As Renewables International recently reported, Germany's energy cooperatives met for the first time at a national meeting to coordinate their actions and voiced their interests in the debate about Germany's energy transition. The presentations are available online at the conference's website in German.

The idea of cooperatives goes back to Friedrich Wilhelm Raiffeisen, who pioneered the idea of rural credit unions and cooperative banks in the 19th century. Today, his idea – if a single person can't do it, a cooperative can – partly lives on in energy cooperatives.

From district heating networks to photovoltaic roofs over bleachers at sports fields, energy cooperatives allow people to pool their financial resources and technical expertise to move beyond mere solar roofs on individual homes.
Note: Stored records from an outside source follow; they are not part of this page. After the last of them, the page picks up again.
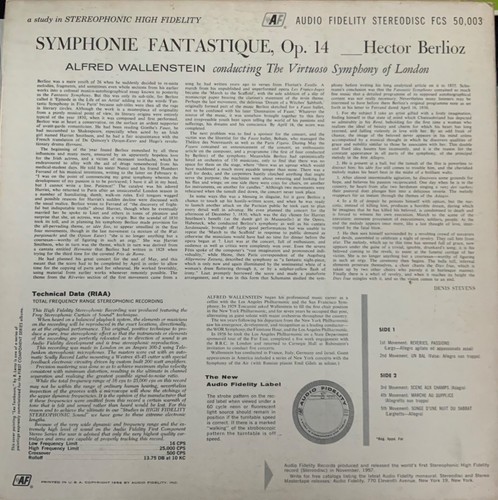 BERLIOZ-SYMPHONIE FANTASTIQUE-WALLENSTEIN-ORIGINAL AF FCS 50,003 VINTAGE VINYL - Picture 2 of 2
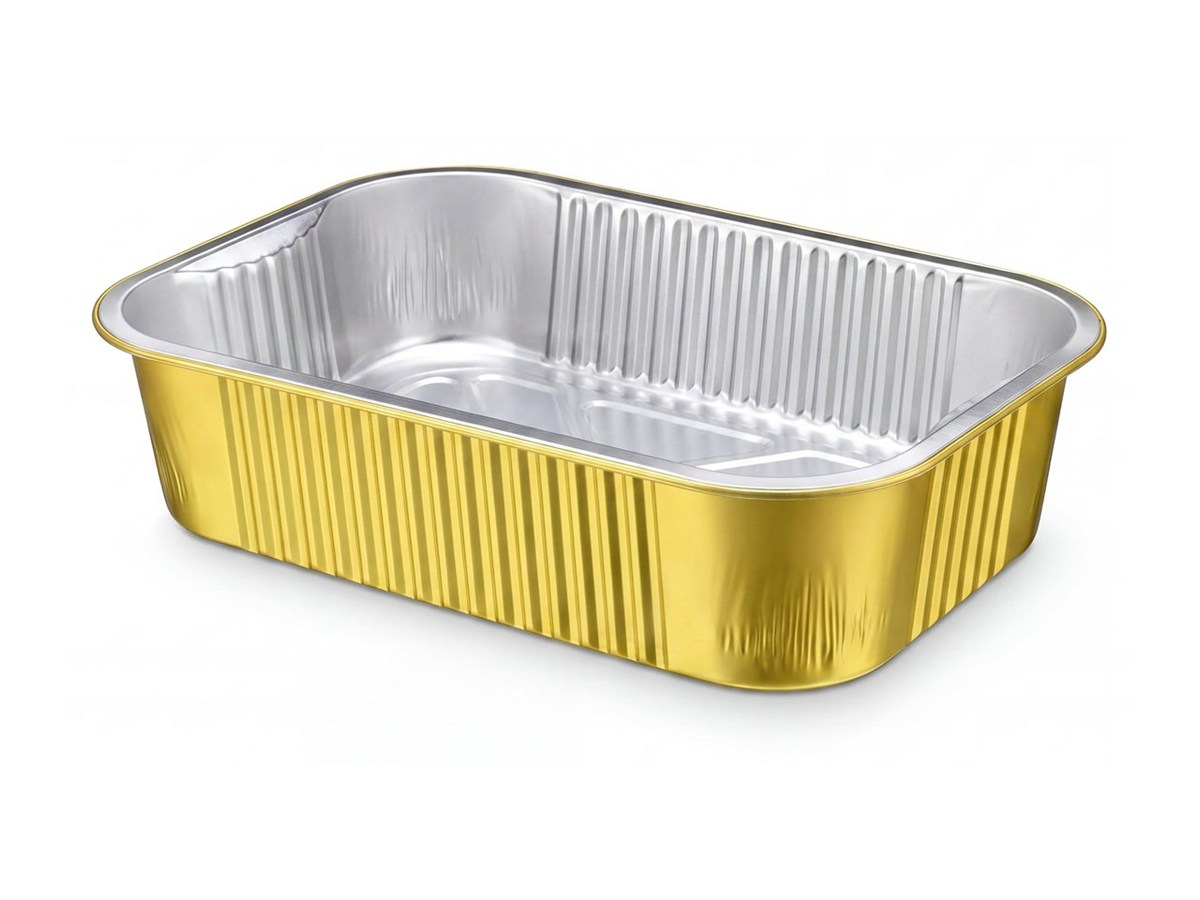 Gold rectangular aluminum foil tray on a white background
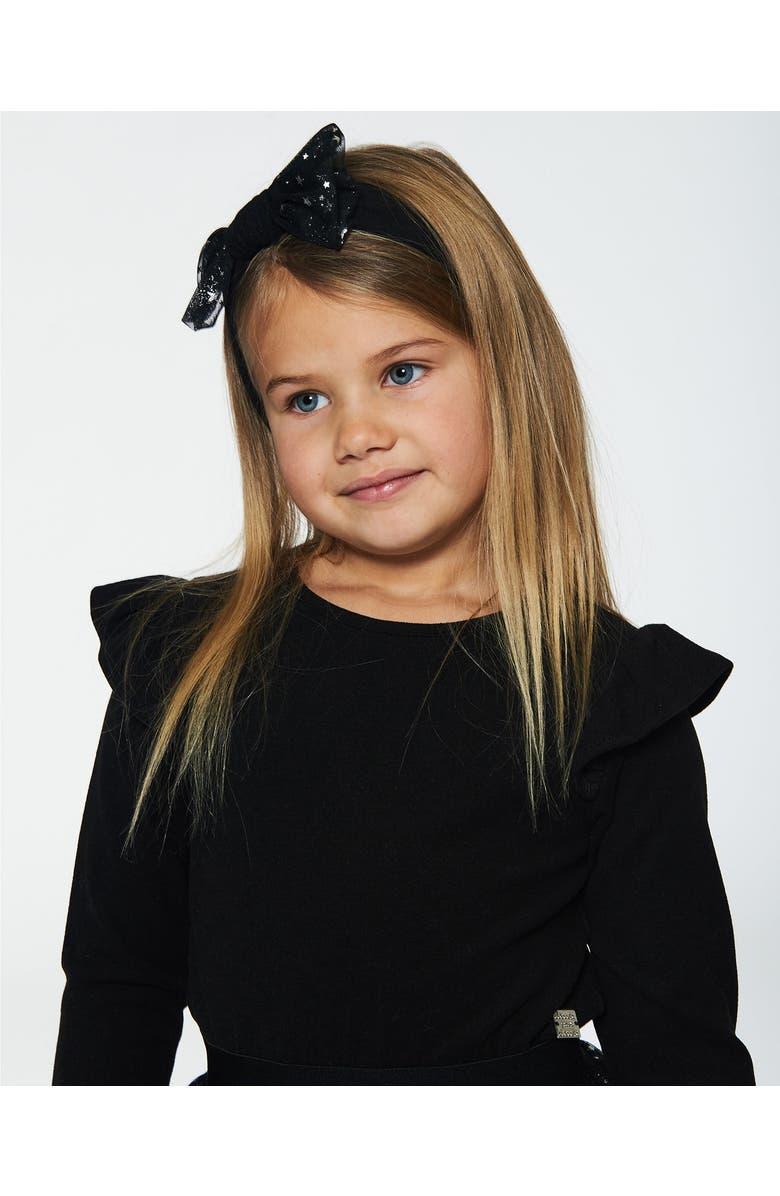 Deux par Deux Baby Girl's Headband With Glittering Tulle Bow Black, Alternate, color,
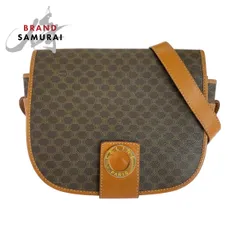 美品 CELINE セリーヌ ヴィンテージ マカダム サークルロゴ ブラウン ゴールド金具 PVC/レザー M10 ショルダーバッグ ポシェット 502808【中古】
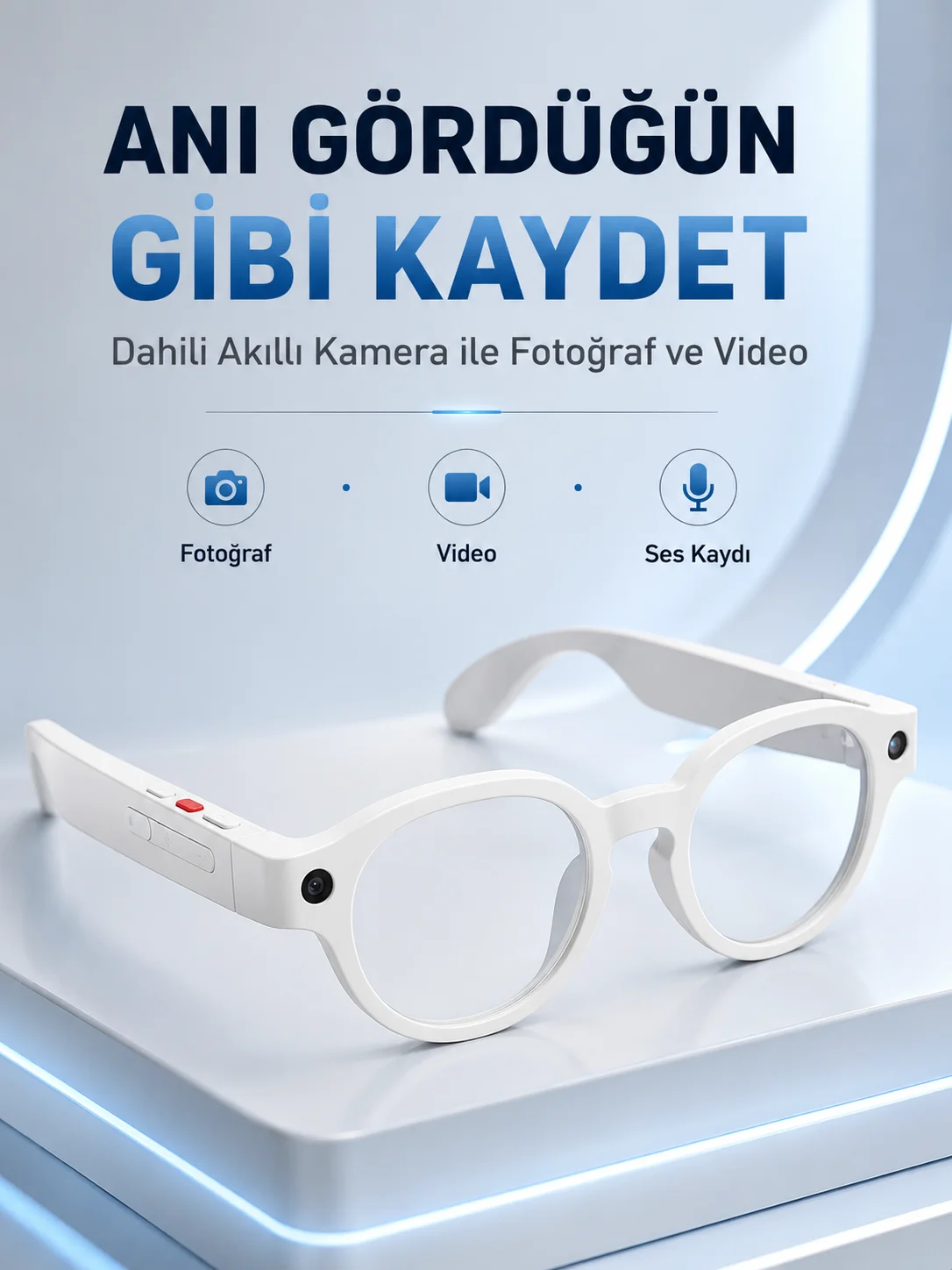 Beyaz Bluetooth Akıllı Gözlük Dahili Kameralı Fotoğraf Video Kayıt Yapay Zeka Çeviri Dokunmatik Kontrol Özellikli Fiyatı, Yorumları ve Özellikleri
Citizens – even those without their own homes – can chip in in amounts starting at 100 to 500 euros generally to take part in local projects. The returns can reach up to six percent; in the case of the Odenwald energy cooperative – which has invested in 74 PV arrays, two PV power plants, a micro hydro plant, and four wind turbines – the returns over the past three years have consistently been between 3-4 percent.
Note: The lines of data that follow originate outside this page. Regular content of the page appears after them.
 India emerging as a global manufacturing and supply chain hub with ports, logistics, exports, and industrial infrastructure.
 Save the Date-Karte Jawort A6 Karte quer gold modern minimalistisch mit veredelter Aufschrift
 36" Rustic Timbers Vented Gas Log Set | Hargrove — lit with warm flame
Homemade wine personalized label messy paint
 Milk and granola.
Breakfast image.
Northern Frisia is arguably where the energy cooperative movement got started in 1991, when the German feed-in tariffs for small hydropower and wind power were first offered. Today, more than 90 percent of all wind turbines (approximately 650 with an average turbine size of 1.5 megawatts) in the county are owned by local citizens. One reason for the popularity of wind turbines in the county is, no doubt, the constant winds on the coast; another is that the farming communities are close to sea level, and therefore keenly aware of the impact of an overheating climate.
 
Northern Frisia plans to found a citizen-owned grid firm by next year to increase acceptance of newly constructed power lines. At present, bottlenecks on the grid restrict the take-up of additional wind power. Shares in this cooperative are expected to cost 1,000 euros and be issued first to county locals, then to citizens of the state of Schleswig-Holstein, and only then to the market, including institutional buyers. The option is even more interesting for citizen investors because grid operators can have a return of up to 9.05 percent on their investments in grid infrastructure in Germany – far more than a normal citizen can expect to get elsewhere.

One of the most impressive instances of citizens overtaking their grid is probably EWS Schönau (PDF), which has seen its revenue grow from around 14 billion euros in 2004 to around 94 billion in 2011. During that timeframe, the number of customers served has also risen from around 24,000 to more than 120,000. The company, which is also a cooperative, sells shares starting at 100 euros. The number of shares has grown from 10,230 to around 150,000 since 2008.

Green power does not have to be more expensive than the conventional mix, as the case of the cooperative in Lichtenau-Asseln demonstrates. It offers electricity to its customers at a price some five percent below our RWE's standard retail package.